Marie Under was born on March 27, 1883, in Tallinn, Estonia, where she spent her childhood. She attended a German-language school. The poetry of Goethe and Schiller was among the earliest things she read. As a member of the "Young Estonia" aesthetic movement in the years before the First World War, she developed a modernistic style, influenced by French literary models, and translated the poetry of Rimbaud, among others. Her first collection was published in 1917, and was followed over the years by many more. She and her husband, the poet Artur Adson, left Estonia before the Soviet occupation of 1944, and settled in Sweden. Marie Under died in 1980.
QUESTION
We saw those berries, overripe and glowing,
in weak and tepid light of the October sun
persisting red as blood, in right full-growing,
without much inkling of the winter clouds to come.
And then a wind-gust brushed those heavy bunches:
and some of them burst, falling to the ground
on wilted grass, soon after, under branches
gold leaves with purple berries lay around.
And hand in hand we walked uphill together
and pushed by the capricious wind's bad weather,
eye to eye, as in anxiety, we asked:
our love's moist, joyful red in present flowering,
will life's breeze carry it away, devouring,
or will it fall to the grave's soil, and last?
CHRISTMAS GREETINGS 1941
I walk the silent, Christmas-snowy path
that goes across the homeland in its suffering.
At each doorstep I would like to bend my knee:
there is no house that doesn't know mourning's sting.
The spark of anger flickers in sorrow's ashes,
the mind is hard with anger, soft with pain:
there is no way of being pure as Christmas
on this white, pure-as-Christmas lane.
Alas, to have to live such stony instants,
to carry on one's heart a coffin lid!
Not even tears will come now any more -
that gift of mercy also died and hid.
I'm like someone rowing backwards:
eyes permanently set on past -
backwards, yes - yet reaching home at last ...
my kinsmen, though, are left without a home...
I always think of those who were torn from here...
The heavens echo with the cries of their distress.
I think that we are all to blame
for what they lack - for we have food and bed!
Shyly, almost as in figurative language,
I ask without believing it can come to pass:
Can we, I wonder, ever use our minds again
for sake of joy and happiness?
Now light and darkness join each other,
towards the stars the parting day ascends.
The sunset holds the first sign of the daybreak -
It is as if, abruptly, night expands.
All things are ardent, serious and sacred,
snow's silver leaf melts on my lashes' flame,
I feel as though I'm rising ever further:
that star there, is it calling me by name?
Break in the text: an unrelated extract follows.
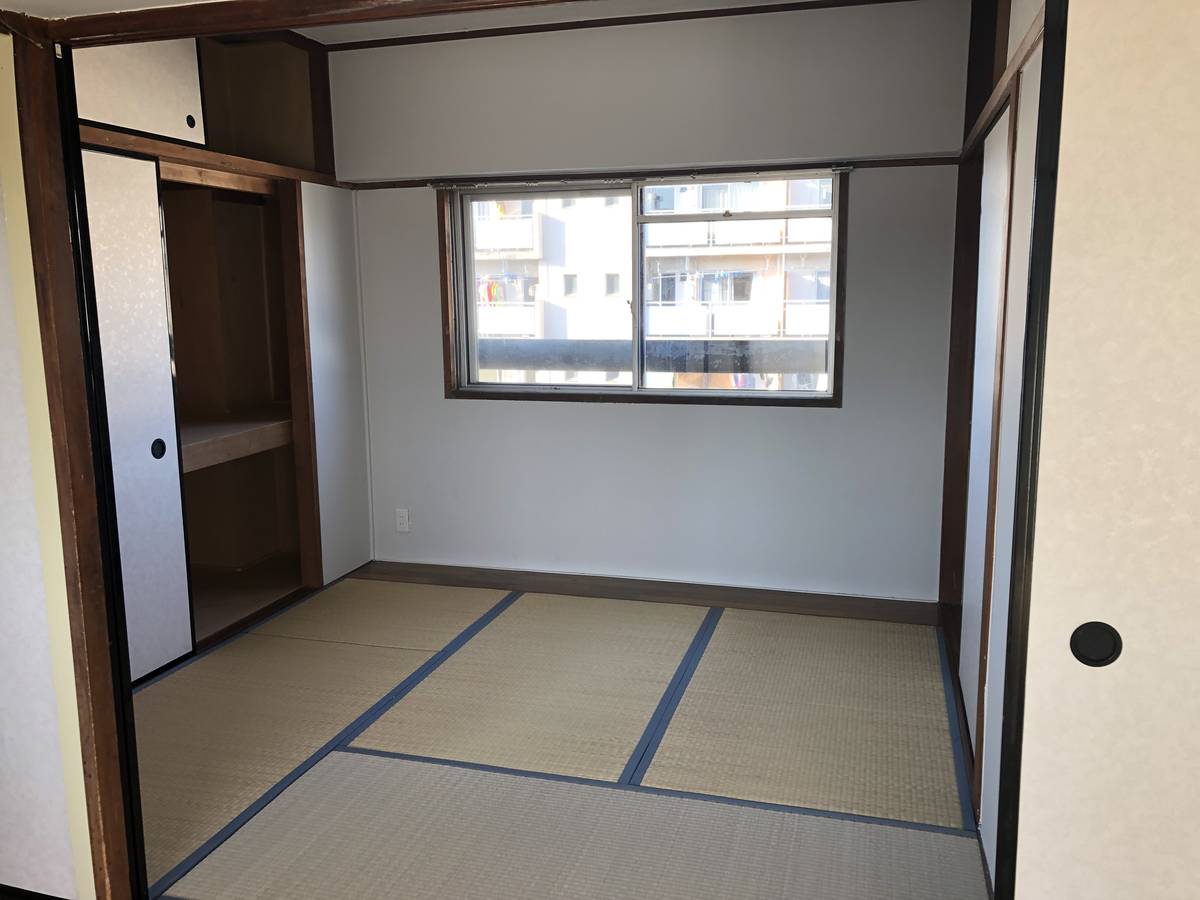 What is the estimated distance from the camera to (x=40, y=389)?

And then I sense that on this day they also
are raising eyes to stars, from where I hear
a greeting from my kinsfolk, sisters, brothers,
in pain and yearning from their prison's fear.
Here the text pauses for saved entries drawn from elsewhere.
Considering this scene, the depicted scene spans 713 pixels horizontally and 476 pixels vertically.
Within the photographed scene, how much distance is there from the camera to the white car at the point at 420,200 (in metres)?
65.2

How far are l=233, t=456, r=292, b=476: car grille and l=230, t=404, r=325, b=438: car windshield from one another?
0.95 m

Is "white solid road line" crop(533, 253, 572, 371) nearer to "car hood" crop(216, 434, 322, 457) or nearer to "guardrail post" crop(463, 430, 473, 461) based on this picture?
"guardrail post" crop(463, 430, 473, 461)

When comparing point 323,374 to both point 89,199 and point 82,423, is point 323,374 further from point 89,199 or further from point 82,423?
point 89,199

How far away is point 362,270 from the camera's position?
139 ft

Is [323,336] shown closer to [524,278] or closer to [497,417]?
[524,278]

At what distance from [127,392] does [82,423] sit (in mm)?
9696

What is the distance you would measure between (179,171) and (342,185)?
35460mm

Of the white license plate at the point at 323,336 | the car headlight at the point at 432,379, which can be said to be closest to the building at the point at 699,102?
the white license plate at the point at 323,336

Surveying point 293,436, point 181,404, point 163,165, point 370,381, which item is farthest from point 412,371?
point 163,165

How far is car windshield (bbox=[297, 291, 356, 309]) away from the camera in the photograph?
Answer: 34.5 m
This is our talk and dialogue, this only,
a shining signal - oh, read, and read! -
with thousand mouths - as if within their glitter
the stars still held some warmth of breath inside.
The field of snow dividing us grows smaller:
of stars our common language is composed....
It is as if we d started out for one another,
were walking, and would soon meet on the road.
For an instant it will die away, that 'When? When?'
forever pulsing in you in your penal plight,
and we shall meet there on that bridge in heaven,
face to face we'll meet, this Christmas night.
translated from Estonian by Leopoldo Niilus and David McDuff
2 comments:
That's a good rendering of the Christmas 1941 poem. Rhyme is the trickiest thing a translator faces. Doggerel lurks. Rhythm is more adaptable.
Now that the anniversary of the Molotov-Ribbentrop Pact is approaching, the idea of torn homelands, suffering and exile will again be brought to the fore. But Under accentuates the lyrical.
Like so many Estonian authors, Under lived for decades in Sweden. Sweden has yet to acknowledge, on a large scale, the rôle that Estonian authors-in-exile played.
I think that many translators of Estonian literature, especially the ones not ethnically tied to the country, have yet to get an in-depth look at what was written abroad by those authors unfortunate enough to have to spend half their lives in exile, with no hope of ever seeing Estonia again.
I'm doing my bit, reading at present a novel by an exile Estonian. When I've finished, I'll present it here. The author, one of the younger generation of those who fled in 1944, is 75 this September. More later.
My recent reticence was occasioned by the stress of moving house. But I'm back on board now.
Welcome back, Eric. Thanks for your comment, and congratulations on having made the move successfully - I know stressful moving house can be. I hope your new quarters are okay, and will look forward to reading more of your posts on Nordic Voices when you're ready.